Je t’ai vu jouer dans des situations et lieux aux antipodes : événements militants (« Queers 4 Palestine » organisée à la Folie par Cachuètes Sluts en mai dernier), fondation d’art contemporain (Palais de Tokyo etc), institutions mais aussi des raves, des soirées club hardcore (collectif Explity Music etc)… Cette fluidité est-elle un choix de ta part ?

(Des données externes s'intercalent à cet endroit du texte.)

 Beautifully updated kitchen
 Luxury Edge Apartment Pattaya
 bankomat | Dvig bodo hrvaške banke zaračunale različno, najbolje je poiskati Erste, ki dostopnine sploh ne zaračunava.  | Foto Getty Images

Cette fluidité dans les endroits où je joue me nourrit beaucoup et entretient un flux d’énergie très précieux. Les tous premiers lieux où j’ai joué étaient des soirées queers politisées, puis j’ai été invitée dans des évènements plus liés à l’art contemporain et finalement, petit-à-petit, des scènes plus standardisées. J’apprends beaucoup des différents endroits où je joue et des personnes que j’y rencontre. Souvent tu y croises des personnes qui ont des très fortes envies de fédérer, de proposer des expériences collectives ou des mises en scène d’expériences intimes. Qui ont des envies de soin par le social. Il y a certains moments où des rencontres m’ont beaucoup aidée personnellement, intimement. Que ce soit d’autres artistes, des personnes du public, des organisateur·ices. Jouer dans des scènes différentes me permet aussi de garder des libertés plus facilement dans les formes que je produis. C’est aussi très important pour moi de conserver un endroit d’expression dans des espaces dédiés à l’art contemporain. Ces dernières années j’ai été très entourée de sculpteurs, d’artistes digitaux, de peintres, de performer·ses… ça me permet des conversations très denses et qui m’apportent beaucoup, verbaliser la musique avec elleux me permet de considérer les sons comme des masses, et de développer une pensée sculpturale ou chorégraphique à la musique. C’est très régénérant car parfois la critique musicale va souvent analyser la musique en terme de références et de courants, et moins en termes de matérialité, de sensation, de fragilité ou de force, de consistance.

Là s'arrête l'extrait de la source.